The Brexit/Remain of automatic enrolment

 

It’s in the nature of referenda I suppose that we’re awash with data and views on a wide and diverse range of issues. Then we have to choose from one of two opposite positions. In this case it’s simply leave, or remain. It’s not easy is it?

 

Underlying the Brexit/Remain debate, it seems to me, are two equally opposite views of life. Should we see the EU project in the context of what’s best for 500 million people with whom we have a lot in common, or should we view it as “us and them”.

 

Automatic Enrolment

 

And so it seems to be with the automatic enrolment project. The “us and them” seems to be pensions sector and the payroll sector.

 

I was surprised to see a linkedin post in the last week or so from a respected pensions commentator, backing the payroll sector as the future custodians of automatic enrolment and warning that pensions people must start working with them.

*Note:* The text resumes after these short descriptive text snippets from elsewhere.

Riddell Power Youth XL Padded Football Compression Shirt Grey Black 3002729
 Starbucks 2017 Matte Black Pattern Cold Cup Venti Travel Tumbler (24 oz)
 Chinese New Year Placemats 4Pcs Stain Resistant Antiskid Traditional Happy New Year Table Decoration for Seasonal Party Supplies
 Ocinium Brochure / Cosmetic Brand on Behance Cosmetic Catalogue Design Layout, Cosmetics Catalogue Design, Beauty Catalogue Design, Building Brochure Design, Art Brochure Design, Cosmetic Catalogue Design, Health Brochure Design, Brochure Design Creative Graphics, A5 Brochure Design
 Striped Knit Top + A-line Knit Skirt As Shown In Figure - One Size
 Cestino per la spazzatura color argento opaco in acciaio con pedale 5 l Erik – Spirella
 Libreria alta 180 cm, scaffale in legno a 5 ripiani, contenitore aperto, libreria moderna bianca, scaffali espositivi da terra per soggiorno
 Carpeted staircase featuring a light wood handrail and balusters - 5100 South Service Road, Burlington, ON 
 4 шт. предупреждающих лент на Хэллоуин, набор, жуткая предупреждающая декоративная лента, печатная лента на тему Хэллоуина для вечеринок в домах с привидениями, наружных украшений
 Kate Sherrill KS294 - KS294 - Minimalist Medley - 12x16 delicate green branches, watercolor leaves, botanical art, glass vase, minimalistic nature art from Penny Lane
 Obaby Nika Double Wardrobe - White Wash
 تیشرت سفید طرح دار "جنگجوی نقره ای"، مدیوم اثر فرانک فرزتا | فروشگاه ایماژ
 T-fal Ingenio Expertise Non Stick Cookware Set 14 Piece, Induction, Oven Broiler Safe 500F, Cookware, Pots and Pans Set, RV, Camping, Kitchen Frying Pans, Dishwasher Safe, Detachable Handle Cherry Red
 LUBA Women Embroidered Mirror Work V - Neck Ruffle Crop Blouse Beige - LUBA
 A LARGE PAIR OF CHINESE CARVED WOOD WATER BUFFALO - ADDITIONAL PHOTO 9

A couple of days later I saw a couple of posts from another pension practitioner lambasting the payroll sector for knowing nothing about pensions!

 

So who will win (if it really is a competition) between pensions people and payroll people? More importantly, does it matter? Surely what matters most is that automatic enrolment delivers a resurgence of and belief in, workplace pensions.

 

The real issues

 

Underlying the divisive comments that are being made are some serious implications for both sectors that each needs to consider for the future.

 

The pension sector’s perception of its value to customers is built on supporting medium and large employers with pensions and employee benefits at a time when complexity and pension contributions were much greater than they are now. In the past the market accepted that view.

 

The market view of the value of the payroll sector has traditionally been much lower.

 

For my money, the market will determine the value of a combined proposition to be somewhere between the two.

 

So pensions people, particularly pension advisers, need to review their business models. Are the structures and remuneration levels that they’ve enjoyed in the past sustainable in today’s market, particularly for small employers?

 

And payroll people do need to think carefully about upskilling. There is more to pension schemes than uploading data. Employers will expect them to know about governance and investments among other things and employees will, naturally, expect their questions to be answered.

 

If both “sides” take appropriate steps, the resulting competition can only be good for consumers.

 

In the meantime…..

 

We work together.

 

The small employer sector, representing by far the greatest number of employers, does not generally buy directly from payroll software providers anyway. So whilst payroll companies can legitimately increase their value by becoming pensions experts, they’ll find it difficult to deliver their expertise to the front line. The front line is made up of many thousands of payroll bureaux, some run by accountancy firms, some not. And many of them will be reluctant to upskill to become pension experts for a long time to come.

 

As a pension specialist in the front line of automatic enrolment, helping small employers, I can testify to the fact that we already work collaboratively with payroll suppliers. It’s the only way, isn’t it?